Only an exact copy of every record counts as an answer.

Input:
▽

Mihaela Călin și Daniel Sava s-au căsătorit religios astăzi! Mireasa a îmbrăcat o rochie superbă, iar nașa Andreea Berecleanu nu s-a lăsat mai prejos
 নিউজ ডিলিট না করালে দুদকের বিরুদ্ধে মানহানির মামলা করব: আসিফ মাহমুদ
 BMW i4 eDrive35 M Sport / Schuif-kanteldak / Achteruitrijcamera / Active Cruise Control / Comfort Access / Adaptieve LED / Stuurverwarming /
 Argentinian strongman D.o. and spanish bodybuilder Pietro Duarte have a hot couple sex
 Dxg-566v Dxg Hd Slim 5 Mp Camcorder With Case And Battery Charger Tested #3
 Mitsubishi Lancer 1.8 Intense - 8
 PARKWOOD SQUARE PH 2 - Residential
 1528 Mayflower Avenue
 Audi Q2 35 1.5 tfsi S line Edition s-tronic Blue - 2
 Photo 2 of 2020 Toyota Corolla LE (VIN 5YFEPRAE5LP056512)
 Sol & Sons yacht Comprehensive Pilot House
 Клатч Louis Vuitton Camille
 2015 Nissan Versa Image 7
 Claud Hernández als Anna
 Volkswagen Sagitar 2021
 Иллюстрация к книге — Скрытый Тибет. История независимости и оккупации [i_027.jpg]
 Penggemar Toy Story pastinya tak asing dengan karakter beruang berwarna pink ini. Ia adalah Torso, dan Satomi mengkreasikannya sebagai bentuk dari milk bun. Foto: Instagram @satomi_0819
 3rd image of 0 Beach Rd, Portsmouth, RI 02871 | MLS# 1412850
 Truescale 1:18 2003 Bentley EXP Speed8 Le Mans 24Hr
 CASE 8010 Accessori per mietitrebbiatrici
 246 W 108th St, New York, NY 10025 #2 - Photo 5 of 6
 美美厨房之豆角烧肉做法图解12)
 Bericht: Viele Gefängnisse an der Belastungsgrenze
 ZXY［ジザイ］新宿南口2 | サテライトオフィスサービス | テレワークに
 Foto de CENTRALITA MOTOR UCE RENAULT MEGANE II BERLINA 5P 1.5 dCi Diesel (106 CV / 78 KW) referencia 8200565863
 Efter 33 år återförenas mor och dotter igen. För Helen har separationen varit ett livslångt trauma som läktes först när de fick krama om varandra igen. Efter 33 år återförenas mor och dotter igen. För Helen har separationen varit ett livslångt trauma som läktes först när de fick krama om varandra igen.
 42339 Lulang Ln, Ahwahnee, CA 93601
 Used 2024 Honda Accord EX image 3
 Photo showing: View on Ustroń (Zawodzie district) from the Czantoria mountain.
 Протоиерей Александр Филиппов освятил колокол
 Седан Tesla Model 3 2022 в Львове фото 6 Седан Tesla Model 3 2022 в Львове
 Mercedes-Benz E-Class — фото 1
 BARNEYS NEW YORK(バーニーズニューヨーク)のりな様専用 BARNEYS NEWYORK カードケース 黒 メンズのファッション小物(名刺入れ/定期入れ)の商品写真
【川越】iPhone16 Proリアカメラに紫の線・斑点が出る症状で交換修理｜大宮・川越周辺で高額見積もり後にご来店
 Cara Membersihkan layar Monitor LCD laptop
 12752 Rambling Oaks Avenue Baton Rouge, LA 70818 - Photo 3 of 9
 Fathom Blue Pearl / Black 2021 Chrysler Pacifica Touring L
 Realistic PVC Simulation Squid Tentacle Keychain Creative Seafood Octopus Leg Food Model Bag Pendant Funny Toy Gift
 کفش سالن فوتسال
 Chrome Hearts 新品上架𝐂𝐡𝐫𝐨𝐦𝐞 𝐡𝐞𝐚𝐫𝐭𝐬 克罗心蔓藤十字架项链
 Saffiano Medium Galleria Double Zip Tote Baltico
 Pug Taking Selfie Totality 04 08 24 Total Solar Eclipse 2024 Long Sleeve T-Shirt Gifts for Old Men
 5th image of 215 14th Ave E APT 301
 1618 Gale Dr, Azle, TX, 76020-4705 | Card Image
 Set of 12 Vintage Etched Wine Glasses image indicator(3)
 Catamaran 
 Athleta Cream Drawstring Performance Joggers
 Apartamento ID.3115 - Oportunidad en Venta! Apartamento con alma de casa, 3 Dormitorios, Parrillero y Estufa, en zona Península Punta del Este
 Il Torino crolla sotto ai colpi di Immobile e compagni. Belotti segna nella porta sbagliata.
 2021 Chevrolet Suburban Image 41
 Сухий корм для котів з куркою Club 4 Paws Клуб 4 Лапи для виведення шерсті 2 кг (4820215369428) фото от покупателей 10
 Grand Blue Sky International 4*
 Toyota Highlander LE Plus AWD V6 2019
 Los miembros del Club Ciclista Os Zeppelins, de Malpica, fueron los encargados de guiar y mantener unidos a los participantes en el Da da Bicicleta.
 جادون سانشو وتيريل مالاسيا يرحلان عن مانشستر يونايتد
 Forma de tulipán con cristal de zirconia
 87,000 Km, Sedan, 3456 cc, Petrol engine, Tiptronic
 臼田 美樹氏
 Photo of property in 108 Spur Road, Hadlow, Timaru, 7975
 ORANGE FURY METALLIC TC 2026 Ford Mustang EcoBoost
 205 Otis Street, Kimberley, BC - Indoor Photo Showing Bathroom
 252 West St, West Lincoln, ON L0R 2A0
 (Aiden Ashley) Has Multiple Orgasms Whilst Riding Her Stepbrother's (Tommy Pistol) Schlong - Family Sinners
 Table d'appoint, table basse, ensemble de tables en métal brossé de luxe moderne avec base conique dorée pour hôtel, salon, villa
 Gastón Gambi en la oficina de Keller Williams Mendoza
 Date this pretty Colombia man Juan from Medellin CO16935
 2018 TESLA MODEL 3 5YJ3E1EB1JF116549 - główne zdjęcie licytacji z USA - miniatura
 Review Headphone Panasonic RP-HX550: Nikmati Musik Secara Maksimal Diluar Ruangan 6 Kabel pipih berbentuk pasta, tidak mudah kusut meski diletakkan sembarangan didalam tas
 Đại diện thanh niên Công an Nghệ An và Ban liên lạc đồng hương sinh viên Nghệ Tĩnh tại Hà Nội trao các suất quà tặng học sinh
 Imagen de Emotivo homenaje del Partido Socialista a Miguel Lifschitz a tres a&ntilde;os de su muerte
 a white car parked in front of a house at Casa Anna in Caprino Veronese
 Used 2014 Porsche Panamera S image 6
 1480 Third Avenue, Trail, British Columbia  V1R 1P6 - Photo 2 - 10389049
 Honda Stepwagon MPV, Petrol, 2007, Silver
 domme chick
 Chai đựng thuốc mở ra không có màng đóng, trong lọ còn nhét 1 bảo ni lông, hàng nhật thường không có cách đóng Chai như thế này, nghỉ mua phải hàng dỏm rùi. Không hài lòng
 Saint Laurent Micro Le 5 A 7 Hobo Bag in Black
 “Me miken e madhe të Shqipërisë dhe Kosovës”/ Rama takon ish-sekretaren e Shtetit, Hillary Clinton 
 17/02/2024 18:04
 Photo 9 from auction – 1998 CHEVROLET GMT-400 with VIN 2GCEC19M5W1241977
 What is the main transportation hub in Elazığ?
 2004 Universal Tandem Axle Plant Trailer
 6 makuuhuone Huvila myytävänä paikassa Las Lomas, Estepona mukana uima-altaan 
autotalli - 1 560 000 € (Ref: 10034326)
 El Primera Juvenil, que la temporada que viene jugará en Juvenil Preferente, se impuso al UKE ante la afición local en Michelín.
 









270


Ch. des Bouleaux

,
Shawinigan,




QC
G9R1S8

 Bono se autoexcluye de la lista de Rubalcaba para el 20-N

△

Solution to the exercise:
Mihaela Călin și Daniel Sava s-au căsătorit religios astăzi! Mireasa a îmbrăcat o rochie superbă, iar nașa Andreea Berecleanu nu s-a lăsat mai prejos
 নিউজ ডিলিট না করালে দুদকের বিরুদ্ধে মানহানির মামলা করব: আসিফ মাহমুদ
 BMW i4 eDrive35 M Sport / Schuif-kanteldak / Achteruitrijcamera / Active Cruise Control / Comfort Access / Adaptieve LED / Stuurverwarming /
 Argentinian strongman D.o. and spanish bodybuilder Pietro Duarte have a hot couple sex
 Dxg-566v Dxg Hd Slim 5 Mp Camcorder With Case And Battery Charger Tested #3
 Mitsubishi Lancer 1.8 Intense - 8
 PARKWOOD SQUARE PH 2 - Residential
 1528 Mayflower Avenue
 Audi Q2 35 1.5 tfsi S line Edition s-tronic Blue - 2
 Photo 2 of 2020 Toyota Corolla LE (VIN 5YFEPRAE5LP056512)
 Sol & Sons yacht Comprehensive Pilot House
 Клатч Louis Vuitton Camille
 2015 Nissan Versa Image 7
 Claud Hernández als Anna
 Volkswagen Sagitar 2021
 Иллюстрация к книге — Скрытый Тибет. История независимости и оккупации [i_027.jpg]
 Penggemar Toy Story pastinya tak asing dengan karakter beruang berwarna pink ini. Ia adalah Torso, dan Satomi mengkreasikannya sebagai bentuk dari milk bun. Foto: Instagram @satomi_0819
 3rd image of 0 Beach Rd, Portsmouth, RI 02871 | MLS# 1412850
 Truescale 1:18 2003 Bentley EXP Speed8 Le Mans 24Hr
 CASE 8010 Accessori per mietitrebbiatrici
 246 W 108th St, New York, NY 10025 #2 - Photo 5 of 6
 美美厨房之豆角烧肉做法图解12)
 Bericht: Viele Gefängnisse an der Belastungsgrenze
 ZXY［ジザイ］新宿南口2 | サテライトオフィスサービス | テレワークに
 Foto de CENTRALITA MOTOR UCE RENAULT MEGANE II BERLINA 5P 1.5 dCi Diesel (106 CV / 78 KW) referencia 8200565863
 Efter 33 år återförenas mor och dotter igen. För Helen har separationen varit ett livslångt trauma som läktes först när de fick krama om varandra igen. Efter 33 år återförenas mor och dotter igen. För Helen har separationen varit ett livslångt trauma som läktes först när de fick krama om varandra igen.
 42339 Lulang Ln, Ahwahnee, CA 93601
 Used 2024 Honda Accord EX image 3
 Photo showing: View on Ustroń (Zawodzie district) from the Czantoria mountain.
 Протоиерей Александр Филиппов освятил колокол
 Седан Tesla Model 3 2022 в Львове фото 6 Седан Tesla Model 3 2022 в Львове
 Mercedes-Benz E-Class — фото 1
 BARNEYS NEW YORK(バーニーズニューヨーク)のりな様専用 BARNEYS NEWYORK カードケース 黒 メンズのファッション小物(名刺入れ/定期入れ)の商品写真
【川越】iPhone16 Proリアカメラに紫の線・斑点が出る症状で交換修理｜大宮・川越周辺で高額見積もり後にご来店
 Cara Membersihkan layar Monitor LCD laptop
 12752 Rambling Oaks Avenue Baton Rouge, LA 70818 - Photo 3 of 9
 Fathom Blue Pearl / Black 2021 Chrysler Pacifica Touring L
 Realistic PVC Simulation Squid Tentacle Keychain Creative Seafood Octopus Leg Food Model Bag Pendant Funny Toy Gift
 کفش سالن فوتسال
 Chrome Hearts 新品上架𝐂𝐡𝐫𝐨𝐦𝐞 𝐡𝐞𝐚𝐫𝐭𝐬 克罗心蔓藤十字架项链
 Saffiano Medium Galleria Double Zip Tote Baltico
 Pug Taking Selfie Totality 04 08 24 Total Solar Eclipse 2024 Long Sleeve T-Shirt Gifts for Old Men
 5th image of 215 14th Ave E APT 301
 1618 Gale Dr, Azle, TX, 76020-4705 | Card Image
 Set of 12 Vintage Etched Wine Glasses image indicator(3)
 Catamaran 
 Athleta Cream Drawstring Performance Joggers
 Apartamento ID.3115 - Oportunidad en Venta! Apartamento con alma de casa, 3 Dormitorios, Parrillero y Estufa, en zona Península Punta del Este
 Il Torino crolla sotto ai colpi di Immobile e compagni. Belotti segna nella porta sbagliata.
 2021 Chevrolet Suburban Image 41
 Сухий корм для котів з куркою Club 4 Paws Клуб 4 Лапи для виведення шерсті 2 кг (4820215369428) фото от покупателей 10
 Grand Blue Sky International 4*
 Toyota Highlander LE Plus AWD V6 2019
 Los miembros del Club Ciclista Os Zeppelins, de Malpica, fueron los encargados de guiar y mantener unidos a los participantes en el Da da Bicicleta.
 جادون سانشو وتيريل مالاسيا يرحلان عن مانشستر يونايتد
 Forma de tulipán con cristal de zirconia
 87,000 Km, Sedan, 3456 cc, Petrol engine, Tiptronic
 臼田 美樹氏
 Photo of property in 108 Spur Road, Hadlow, Timaru, 7975
 ORANGE FURY METALLIC TC 2026 Ford Mustang EcoBoost
 205 Otis Street, Kimberley, BC - Indoor Photo Showing Bathroom
 252 West St, West Lincoln, ON L0R 2A0
 (Aiden Ashley) Has Multiple Orgasms Whilst Riding Her Stepbrother's (Tommy Pistol) Schlong - Family Sinners
 Table d'appoint, table basse, ensemble de tables en métal brossé de luxe moderne avec base conique dorée pour hôtel, salon, villa
 Gastón Gambi en la oficina de Keller Williams Mendoza
 Date this pretty Colombia man Juan from Medellin CO16935
 2018 TESLA MODEL 3 5YJ3E1EB1JF116549 - główne zdjęcie licytacji z USA - miniatura
 Review Headphone Panasonic RP-HX550: Nikmati Musik Secara Maksimal Diluar Ruangan 6 Kabel pipih berbentuk pasta, tidak mudah kusut meski diletakkan sembarangan didalam tas
 Đại diện thanh niên Công an Nghệ An và Ban liên lạc đồng hương sinh viên Nghệ Tĩnh tại Hà Nội trao các suất quà tặng học sinh
 Imagen de Emotivo homenaje del Partido Socialista a Miguel Lifschitz a tres a&ntilde;os de su muerte
 a white car parked in front of a house at Casa Anna in Caprino Veronese
 Used 2014 Porsche Panamera S image 6
 1480 Third Avenue, Trail, British Columbia  V1R 1P6 - Photo 2 - 10389049
 Honda Stepwagon MPV, Petrol, 2007, Silver
 domme chick
 Chai đựng thuốc mở ra không có màng đóng, trong lọ còn nhét 1 bảo ni lông, hàng nhật thường không có cách đóng Chai như thế này, nghỉ mua phải hàng dỏm rùi. Không hài lòng
 Saint Laurent Micro Le 5 A 7 Hobo Bag in Black
 “Me miken e madhe të Shqipërisë dhe Kosovës”/ Rama takon ish-sekretaren e Shtetit, Hillary Clinton 
 17/02/2024 18:04
 Photo 9 from auction – 1998 CHEVROLET GMT-400 with VIN 2GCEC19M5W1241977
 What is the main transportation hub in Elazığ?
 2004 Universal Tandem Axle Plant Trailer
 6 makuuhuone Huvila myytävänä paikassa Las Lomas, Estepona mukana uima-altaan 
autotalli - 1 560 000 € (Ref: 10034326)
 El Primera Juvenil, que la temporada que viene jugará en Juvenil Preferente, se impuso al UKE ante la afición local en Michelín.
 









270


Ch. des Bouleaux

,
Shawinigan,




QC
G9R1S8

 Bono se autoexcluye de la lista de Rubalcaba para el 20-N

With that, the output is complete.